Gibson, Dunn & Crutcher is representing Toyota Motor Corp. on a $1 billion investment in the Southeast Asian ride-hailing app Grab Holdings Inc.
The deal, the largest-ever investment in the ride-hailing sector globally by an automaker, will see one Toyota executive appointed to Grab’s board of directors and a dedicated Toyota team member seconded to Grab as an executive officer, according to the Japanese company.
Both companies will further collaboration on data sharing technology to improve efficiency in ride-sharing. For example, more Grab vehicles will install Toyota’s data-transmission driving recorder and share information with other Grab rental cars throughout Southeast Asia.

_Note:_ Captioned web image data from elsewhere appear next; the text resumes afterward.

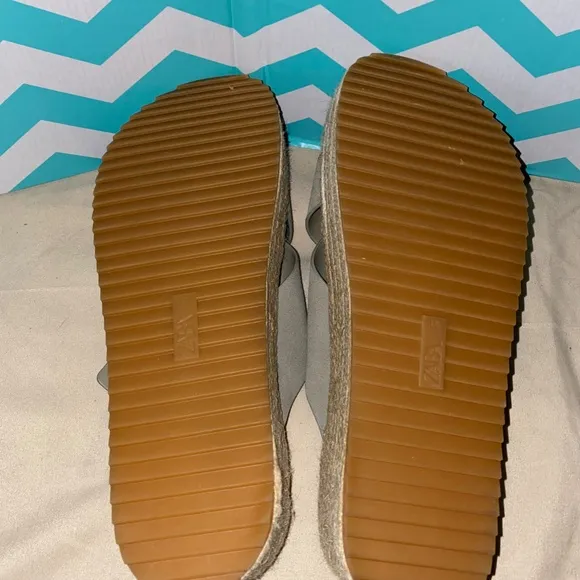 NWOT Zara Suede Criss Cross Strap Platform Espadrille Sandals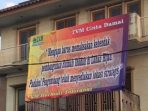 Buah Kongkalikong,Anies Baswedan di Taman Villa Meruya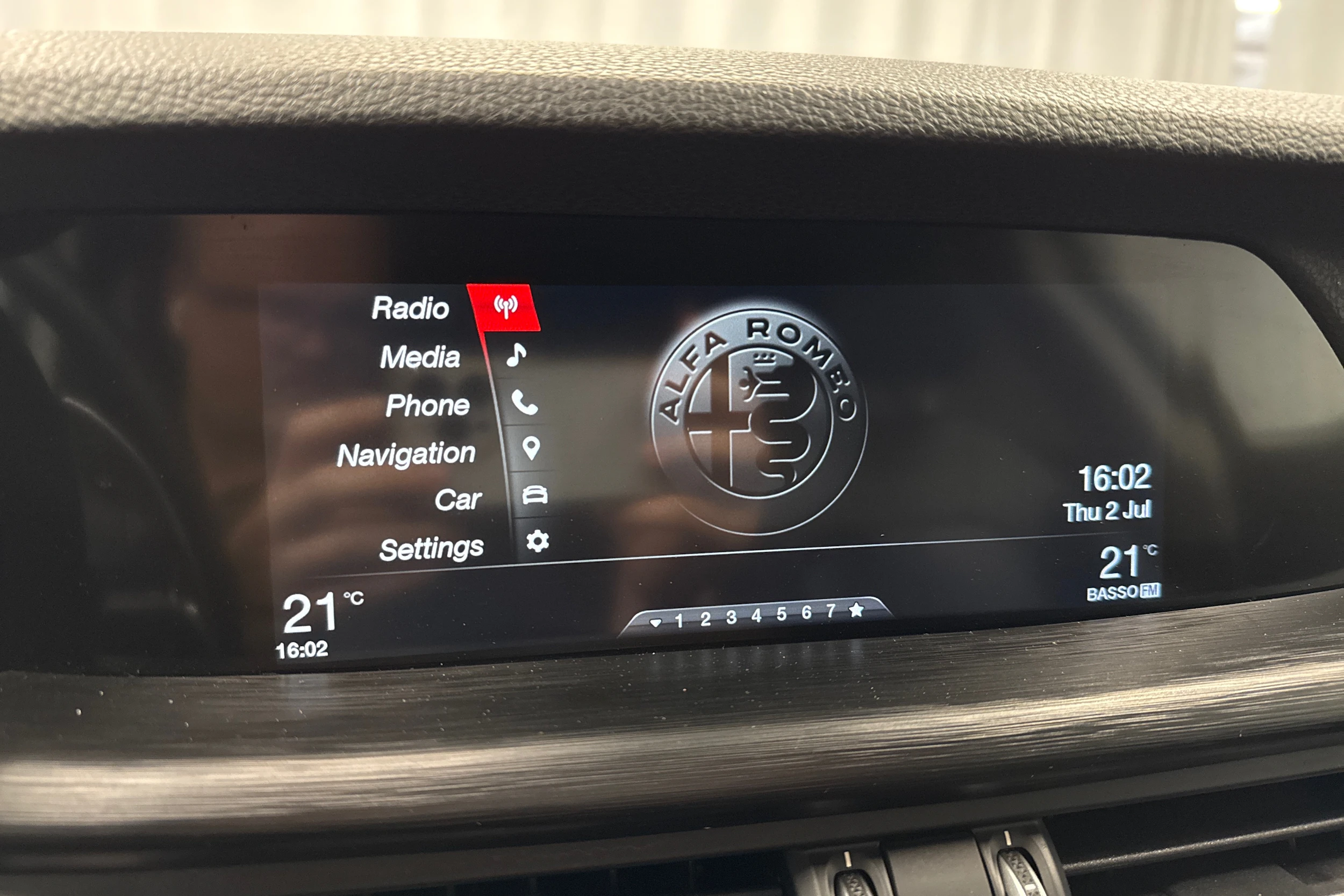 musta Alfa Romeo Stelvio 2017 kuva 18.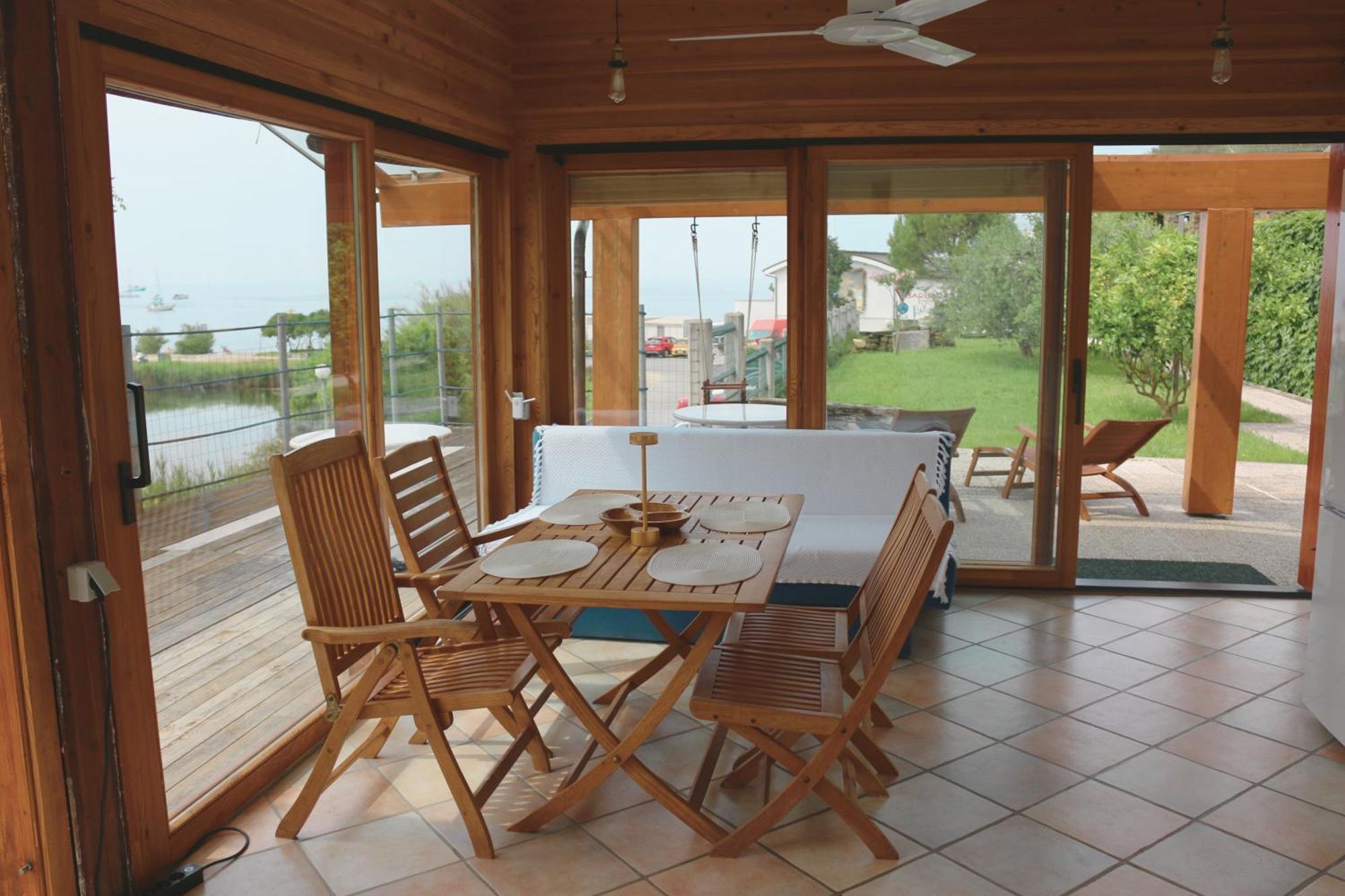 Piran Beach House - Private Oasis - Beachfront Apartment With A Sea View Terrace Exterior foto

The two companies started cooperating in August 2017.
Gibson Dunn Los Angeles partner Keith Biancamano and Singapore partner Saptak Santra are leading a team advising Toyota.
Hughes Hubbard & Reed New York partner Kenneth Lefkowitz is acting for regular client Grab. In March, Lefkowitz also represented the Singapore-based company on its acquisition of Uber Technologies Inc.’s Southeast Asian businesses. He also advised on Grab’s $2.5 billion funding round last year from SoftBank Group Corp. and China’s Didi Chuxing.
Grab said Toyota’s investment is part of an ongoing financing round following its merger with Uber in the region. Toyota has been an investor in Uber and has been discussing the development of self-driving car technology with the U.S.-based company. Singapore-based Grab said it facilitates 6 million rides per day in 217 cities in eight Southeast Asian countries.